The Romney campaign is trying to sew doubt in the minds of Americans just like the Tobacco industry did with cigarettes. If you repeat a lie enough …. sooner or later people start to believe it. And Romney is aggressively, secretly pursuing this line of attack while he publicly denounces it. But the ball keeps rolling on the Republican side.
Jamelle Bouie points out that Romney referred to welfare recipients as Obama’s base i.e. black people; he writes HERE:
At this point, in fact, Romney has stopped trying to hide the extent to which he wants to “otherize” Obama as a president for nonwhites. In an interview with USA Today this weekend, he defended the welfare ads by accusing Obama of offering waivers as a political calculation designed to “shore up his base.”
At best, Romney means Obama’s “base” is made up of welfare recipients. And the latest report from Pew Research provides insight into why the Romney campaign has adopted the Lee Atwater playbook for winning elections. Just five years ago, party identification among white voters was near parity — 46 percent identified as Republican, 44 percent as Democrat. Now, Republicans have a twelve point advantage among white voters, 52 percent to 40 percent. Overall, the GOP has become incredibly homogenous — 87 precent of self-identified Republicans are white, compared to just 61 percent of self-identified Democrats.
But in reality even though Republicans do not want to acknowledge this – the majority of welfare recipients are WHITE PEOPLE. And they’re not even being coy about it. Romney surrogate – John Sununu – said this about Obama on Fox News in July HERE:
This guy doesn’t understand how to create jobs. So there is no surprise — there should be because of that statement no surprise on why he failed so miserably over the last four years, in terms of job creation. He has no idea how the American system functions, and we shouldn’t be surprised about that, because he spent his early years in Hawaii smoking something, spent the next set of years in Indonesia, another set of years in Indonesia, and, frankly, when he came to the U.S. he worked as a community organizer, which is a socialized structure, and then got into politics in Chicago.

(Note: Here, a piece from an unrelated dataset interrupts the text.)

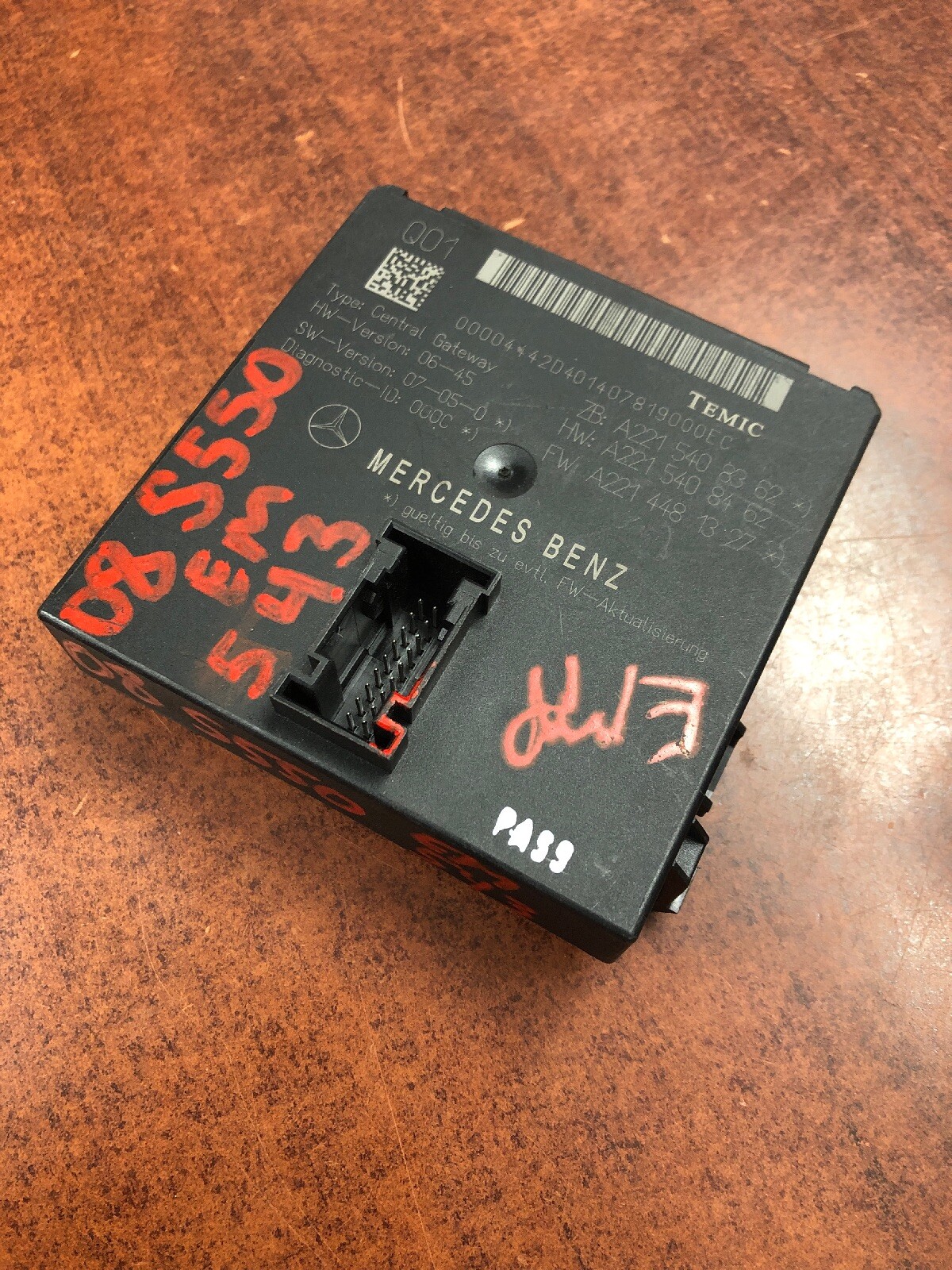 2008 Mercedes S550 W221 OEM Central Gateway Control Module A2215408362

Shortly thereafter that – an anonymous Romney aide told Buzzfeed this HERE:
“I mean, this is a guy who admitted to cocaine use, had a sweetheart deal with his house in Chicago, and was associated and worked with Rod Blagojevich to get Valerie Jarrett appointed to the Senate. The bottom line is there’ll be counterattacks.”
Slate does a wonderful job of putting together an entire timeline of “otherisms” that the Romney campaign continues to subtly and not so subtly slide in. It’s called a trend. You can read them all HERE; an excerpt:
Then liberals cried foul when Romney said at a campaign stop in Pennsylvania that Obama was “changing the nature of America” and that “his course is extraordinarily foreign.” They thought foreign was a deliberate dig. Ridiculous. It was totally spontaneous. Just like it was a few minutes later, when Romney said Obama’s agenda was “foreign to us. It changes America.” And again the next day, when Romney said Obama’s worldview was “so foreign to us.” And again five days later, when Romney called Obama’s philosophy “very strange and in some respects foreign to the American experience.” And again four days after that, when Romney accused Obama of harboring “a foreign idea.”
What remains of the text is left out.